Transcribe exactly the lines from the one containing "Le regioni polari: Artide e Antartide" through the end of the data, both included. Leave out pictures.

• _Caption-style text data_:
• • • • • • •
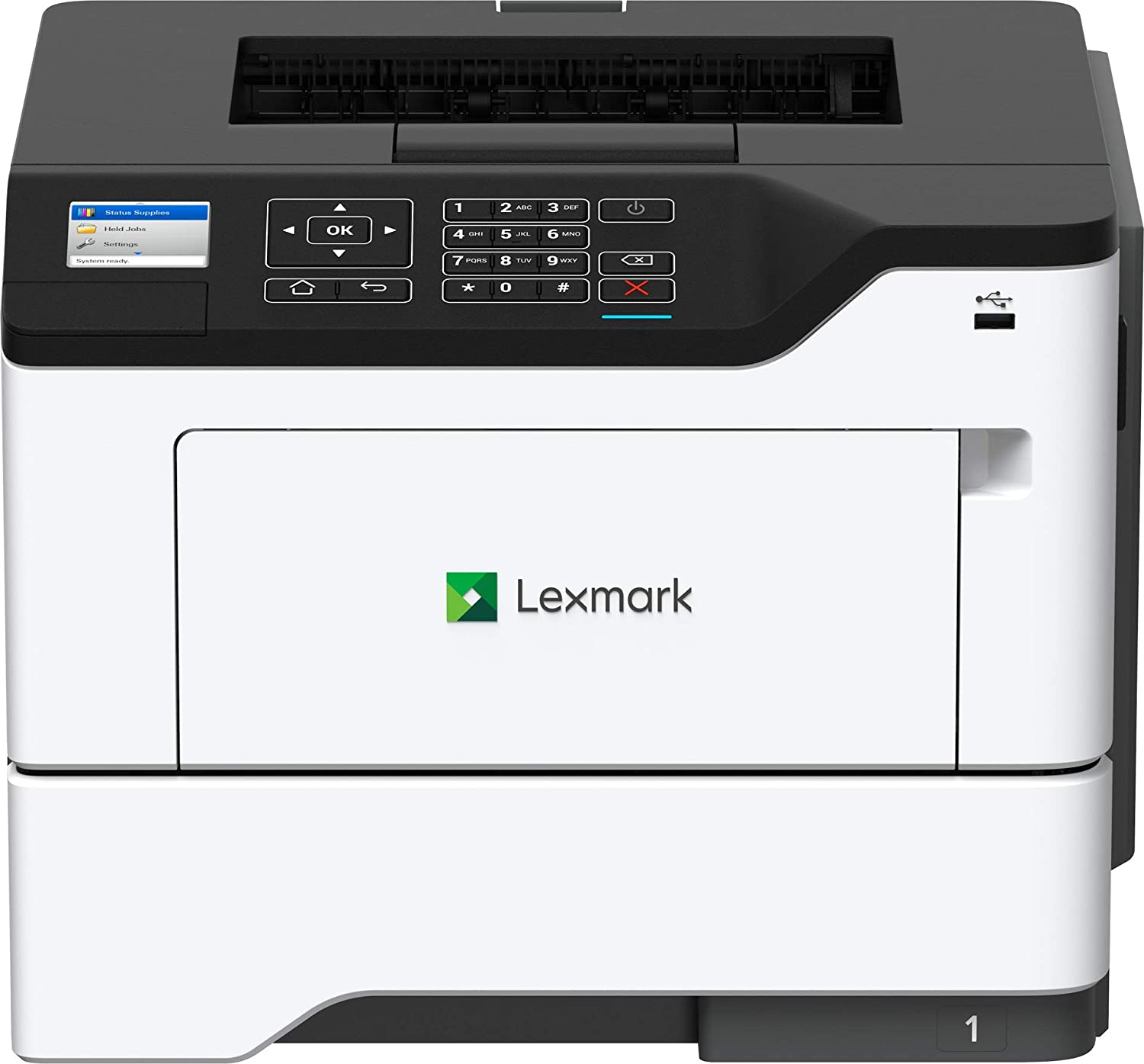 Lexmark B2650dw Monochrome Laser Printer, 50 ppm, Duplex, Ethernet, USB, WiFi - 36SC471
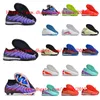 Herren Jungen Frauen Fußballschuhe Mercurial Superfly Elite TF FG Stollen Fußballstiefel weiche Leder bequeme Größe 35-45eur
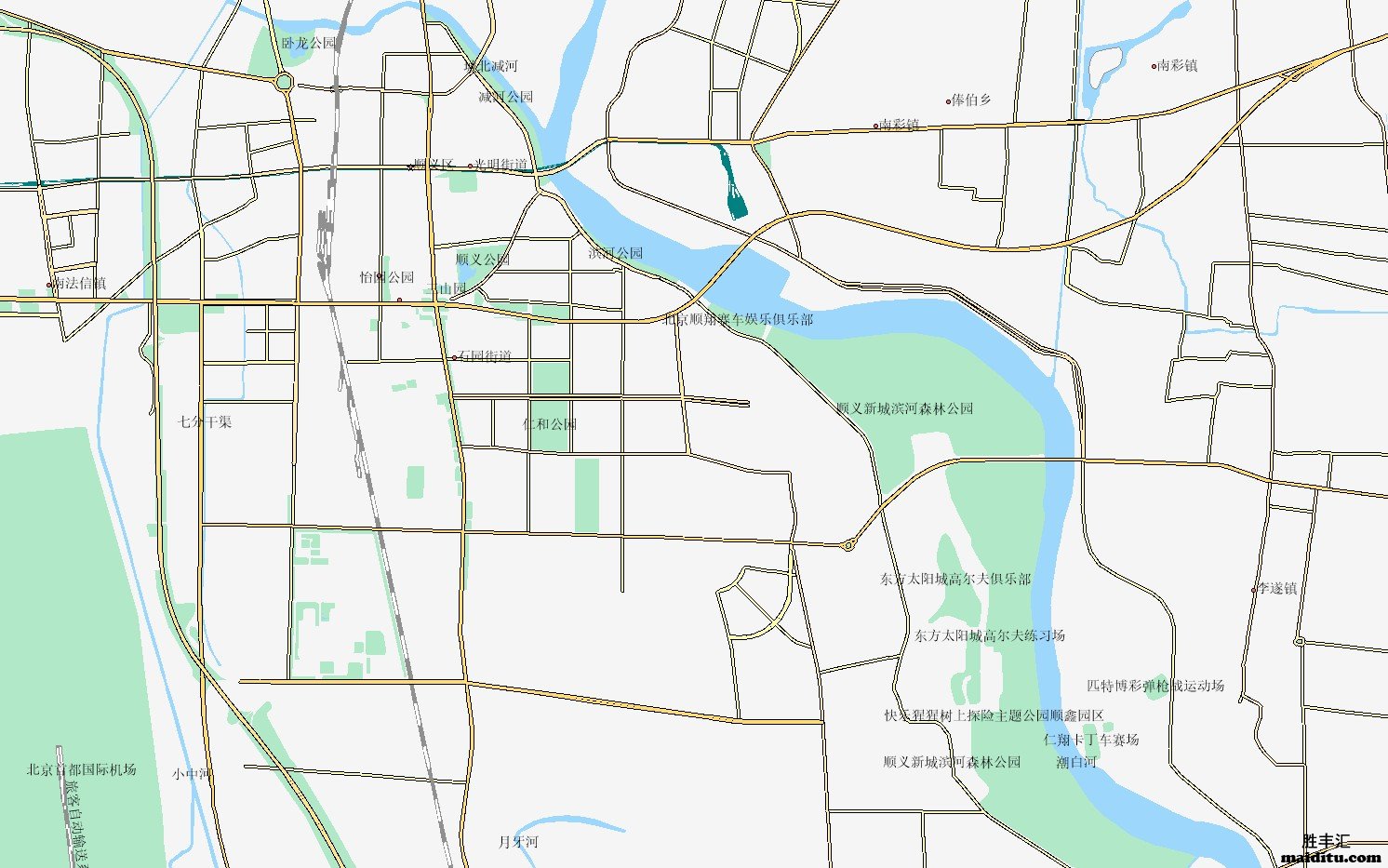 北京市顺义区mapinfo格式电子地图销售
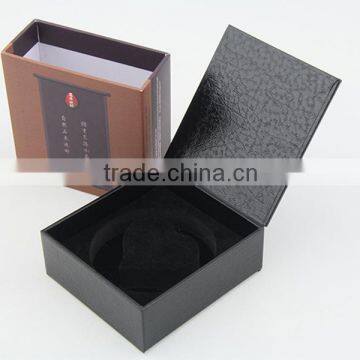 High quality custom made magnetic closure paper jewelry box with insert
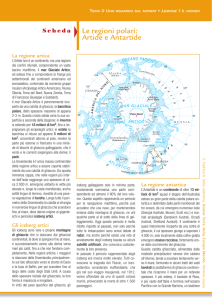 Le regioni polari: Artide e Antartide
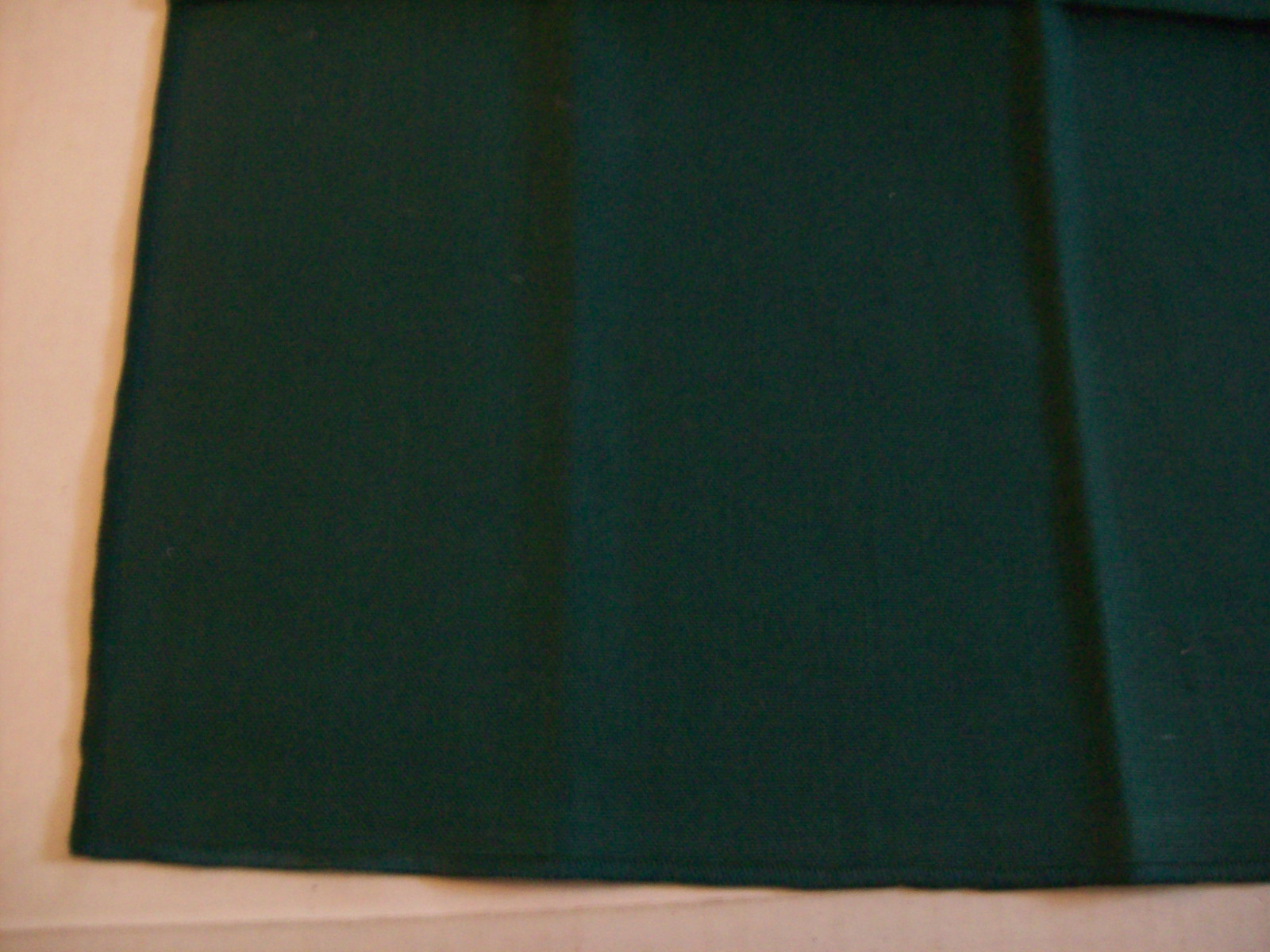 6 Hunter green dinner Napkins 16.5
• • • • • • •
• _Task response_:
 Le regioni polari: Artide e Antartide
 6 Hunter green dinner Napkins 16.5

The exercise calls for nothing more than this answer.